[[ DATA FOR REVIEW, beginning ]]
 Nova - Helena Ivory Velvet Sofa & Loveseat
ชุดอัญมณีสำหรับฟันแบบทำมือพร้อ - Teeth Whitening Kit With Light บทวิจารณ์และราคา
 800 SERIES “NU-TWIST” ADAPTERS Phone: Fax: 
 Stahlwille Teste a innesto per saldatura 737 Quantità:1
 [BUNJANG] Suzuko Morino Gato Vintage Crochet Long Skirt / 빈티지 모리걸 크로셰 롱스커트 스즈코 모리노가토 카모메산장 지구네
[[ DATA FOR REVIEW, end ]]
[[ DATA FOR REVIEW, beginning ]]
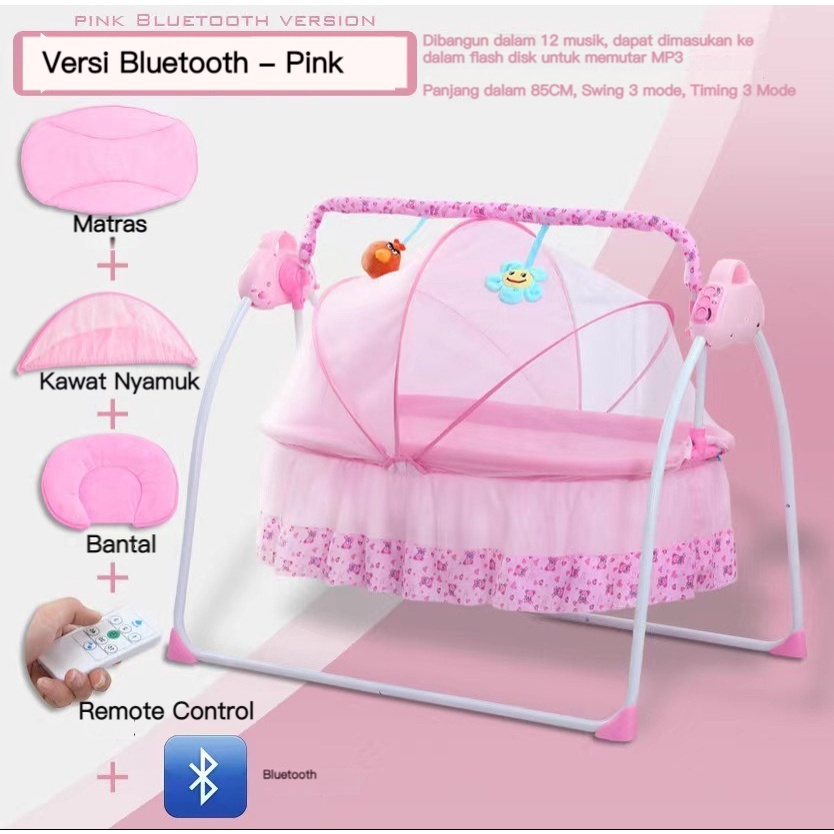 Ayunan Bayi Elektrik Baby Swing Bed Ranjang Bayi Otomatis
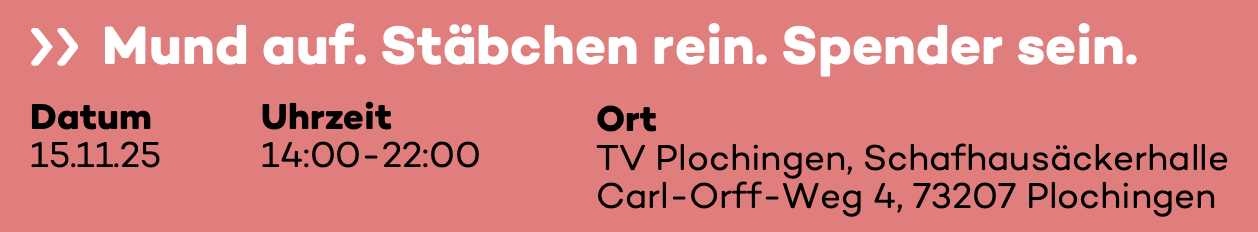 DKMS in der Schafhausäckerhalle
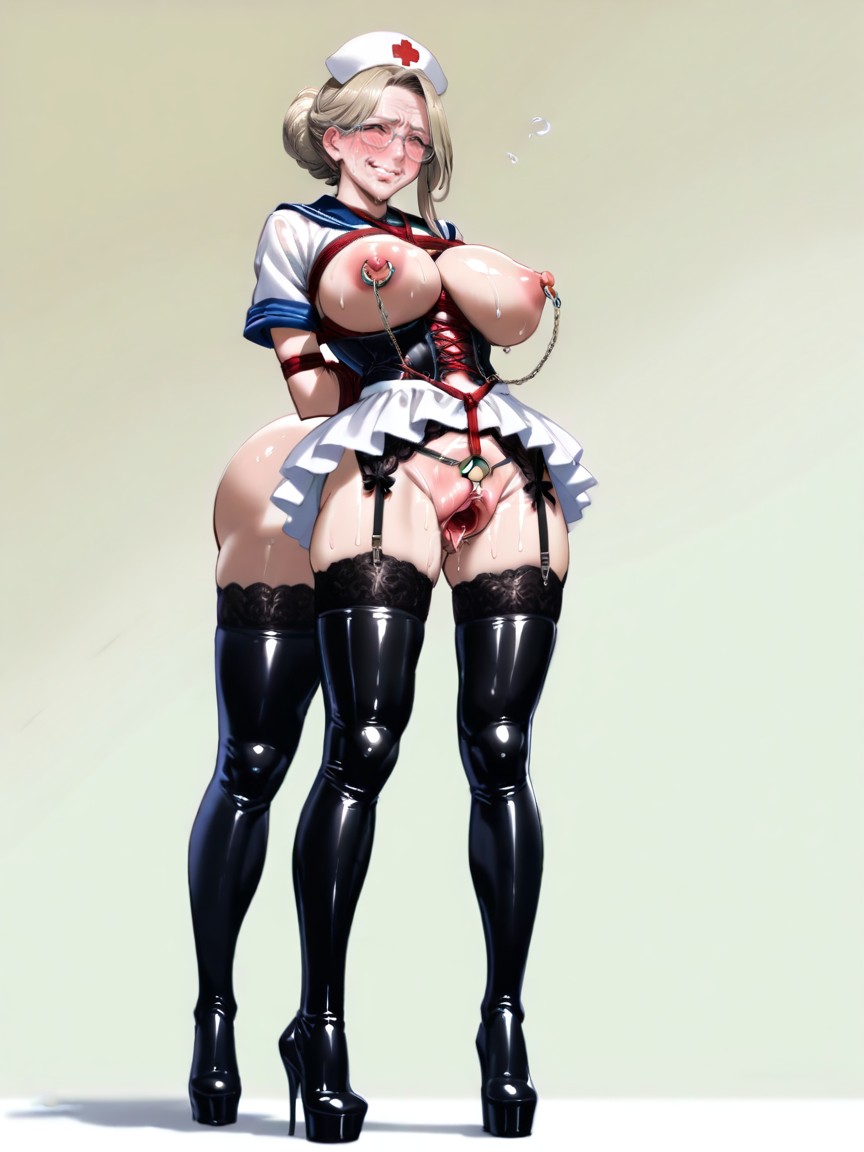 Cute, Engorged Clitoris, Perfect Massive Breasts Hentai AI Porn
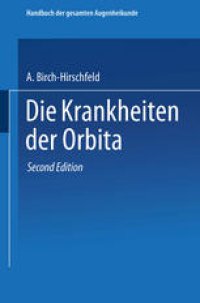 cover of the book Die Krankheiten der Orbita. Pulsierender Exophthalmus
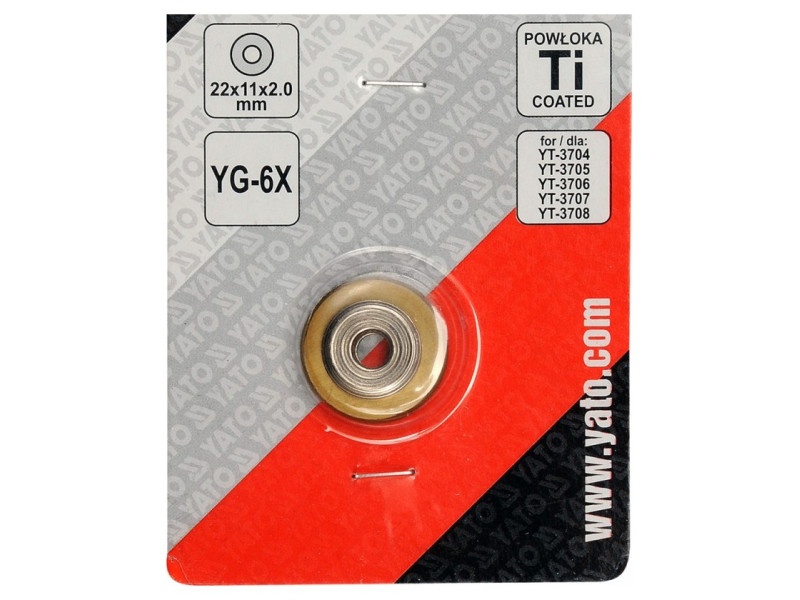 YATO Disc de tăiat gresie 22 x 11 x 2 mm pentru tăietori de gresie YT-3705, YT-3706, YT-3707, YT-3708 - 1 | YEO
[[ DATA FOR REVIEW, end ]]
#### [EXERCISE DIRECTIONS]
Beginning with the line that contains "DKMS in der Schafhausäckerhalle" and ending with the line that contains "YATO Disc de", reproduce the listing exactly, pictures excluded.

#### [ANSWER TO THE EXERCISE]
 DKMS in der Schafhausäckerhalle
 Cute, Engorged Clitoris, Perfect Massive Breasts Hentai AI Porn
 cover of the book Die Krankheiten der Orbita. Pulsierender Exophthalmus
 YATO Disc de tăiat gresie 22 x 11 x 2 mm pentru tăietori de gresie YT-3705, YT-3706, YT-3707, YT-3708 - 1 | YEO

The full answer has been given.